The fundamental problem with the “will-power" road to becoming good is that, while mental habit patterns, cultural conditioning, custom and convention can lead us to make good choices, usually via "carrot-and-stick", none of this “trying very hard” can expunge the “worm at the center,” as the great psychologists use the phrase. It cannot eradicate the systemic egoic sense of “I don’t have enough” because “I am not enough”.
What’s needed is a mystical experience, an “opening of the eyes” to the inner riches. In receipt of such, this timeless moment of cosmic clarity, we change easily, quickly, and naturally.
Everything that has a beginning is also subject to an ending.
But there exists a domain beyond the reach of time’s degradation. There, things simply exist, eternally, have always been, have no opposite, no duality, and do not suffer loss.
No need for a hundred thousand lives -- which, in any case, would just be a repetition of one egoic life cloned thousands of times. What we are at the core of being with the "awakening of the soul" naturally emerges and then becomes one's predominantly-displayed "surface" self.
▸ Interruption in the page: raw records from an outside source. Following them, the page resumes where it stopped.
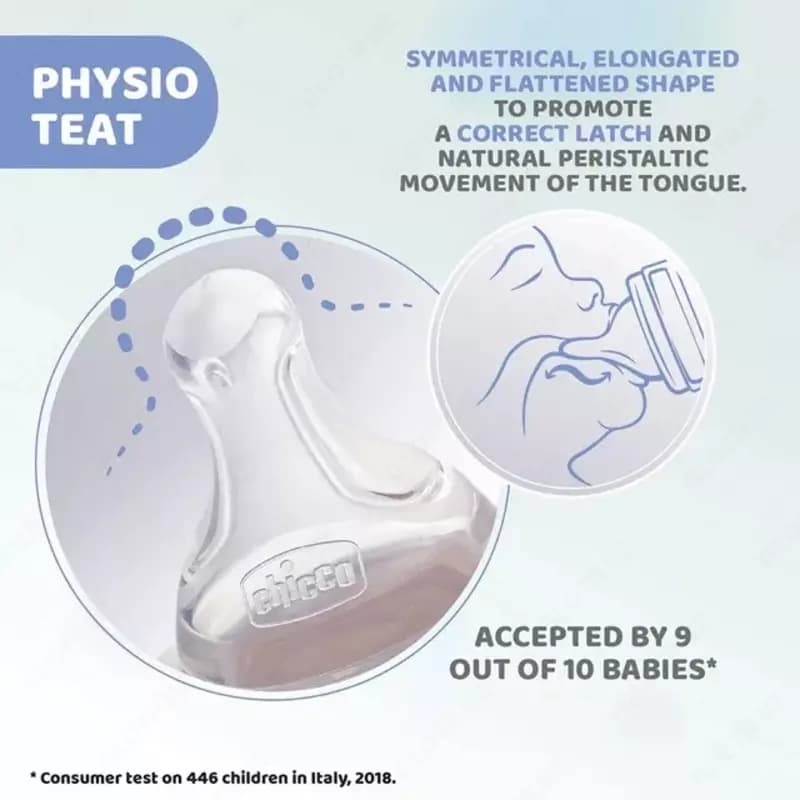 Бутылочка для кормления Well-Being Plastic Feeding Bottle 250ml MEDIUMFLOW 2м+ SIL, WHITE арт.CH28623-11 — 3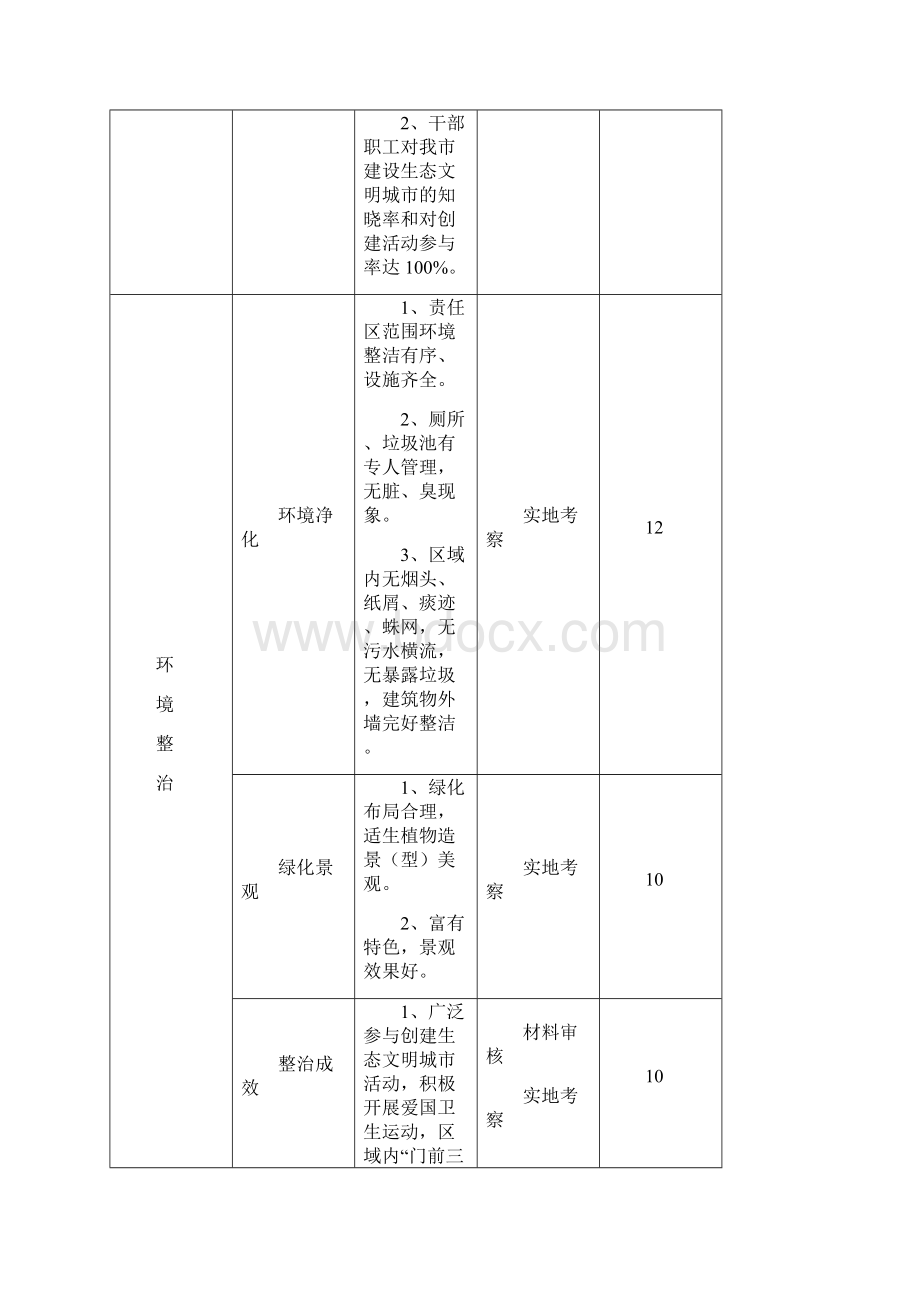 贵阳市创建生态文明机关.docx_第2页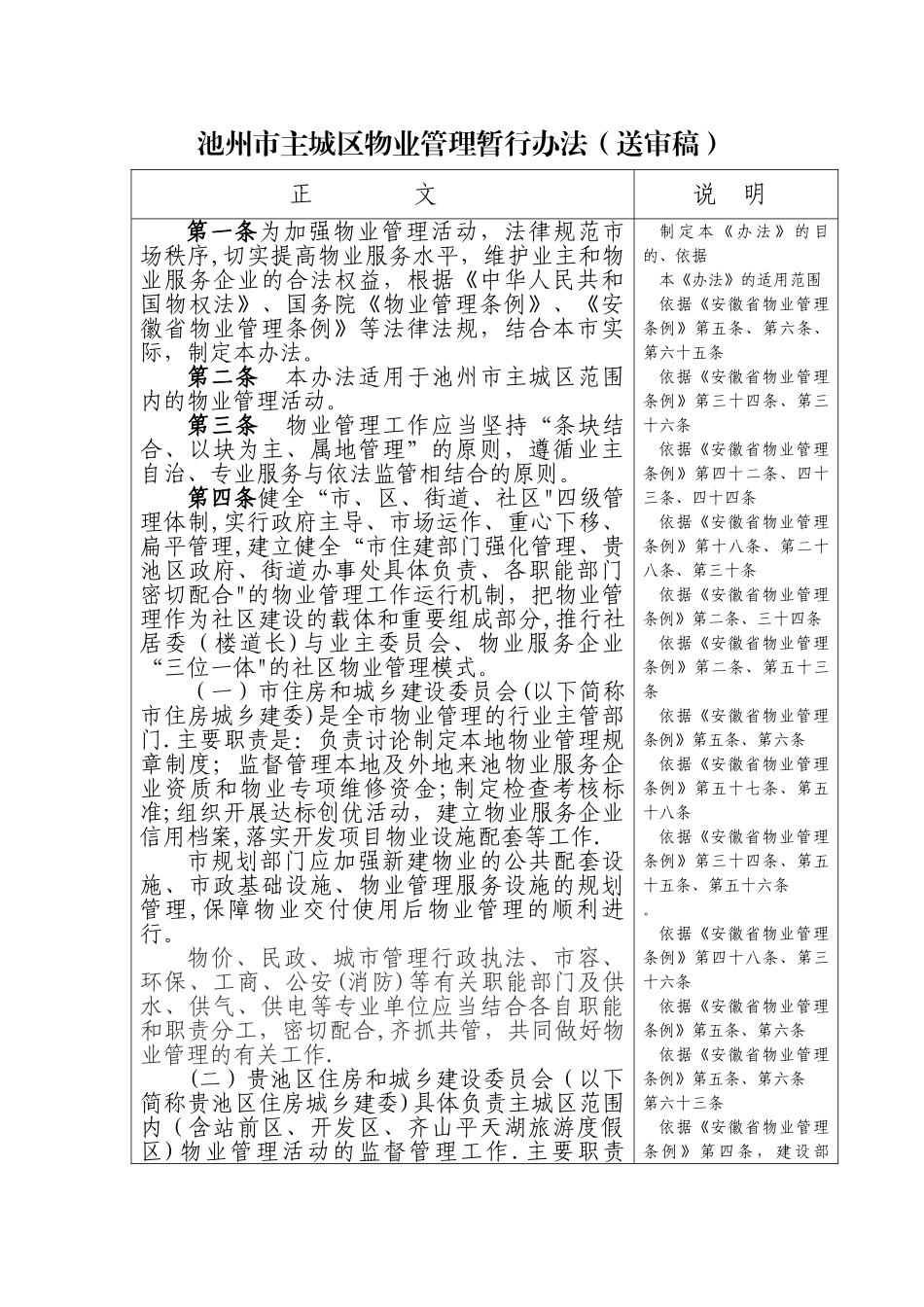 池州市物业管理暂行办法_第1页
It’s a process led from the “inside out” -- not by any externality, including experience, even good experience, which cannot touch the soul; the soul is an extension of God, and good luck to us trying to manage it -- but, once the evolvement begins in earnest, we are held in thrall by one's own metamorphosis, and will find it difficult to shut down this advance of spiritual maturity.
The whole concept of "R" is built upon faulty perceptions of reality.
a play within a play, a society within a society
Death and the afterlife: Eight evenings of lectures on the Summerland (1862), Andrew Jackson Davis. Recently, in rereading Jackson’s account, I was reminded of the thousands of “brotherhoods” over there, every religion and philosophy congregating in their own groups.
Editor’s note: This provincialism occurs only on the lower levels of Summerland, for, as one matures, one casts off the limiting views of Earth and adopts an egalitarian mindset.
What struck me was that many of these true believers are very well mired in a rigid dogmatism. Though they may have lived over there for centuries or thousands of years, these former members of Earth’s religions and philosophies, thousands of different groups, still adhere to the “faith once delivered”. Time and again, Jackson asserts that, so often, each group is convinced that, one day, all inhabitants of Summerland will subscribe to their particular narrow belief system.
Jackson relates that he was astonished to find – though it is true for many religions over there – the Catholics, many generations of them, going back many centuries, all living together in a vast sub-section of Summerland. Like Hamlet’s play within a play, the Catholics have created their own society within Summerland society at-large. This would mean that, not only would they have their traditional church buildings and services, but they will have recreated, as on the Earth, their own colleges and universities, their own versions of music, art, and other aspects of life circumstance.
As I thought about this, I realized that this is what has happened within certain sectors of Summerland concerning the true-believer adherents of reincarnation.
Occasionally, in the afterlife literature, one comes across references to libraries and learning centers, very large buildings, related to the teaching of “R”. But before anyone gets too excited in terms of thinking one has found absolute evidence for its acceptance over there, we hasten to remind ourselves that, possibly, every religion, every philosophy, enjoys its impressive infrastructure of buildings, festivals, and public veneration. But these exist only within the philosophical ghetto of that particular belief-system.
Outside, in the free world of Summerland, they know nothing of, are affected not at all by, these ad hoc contrivances.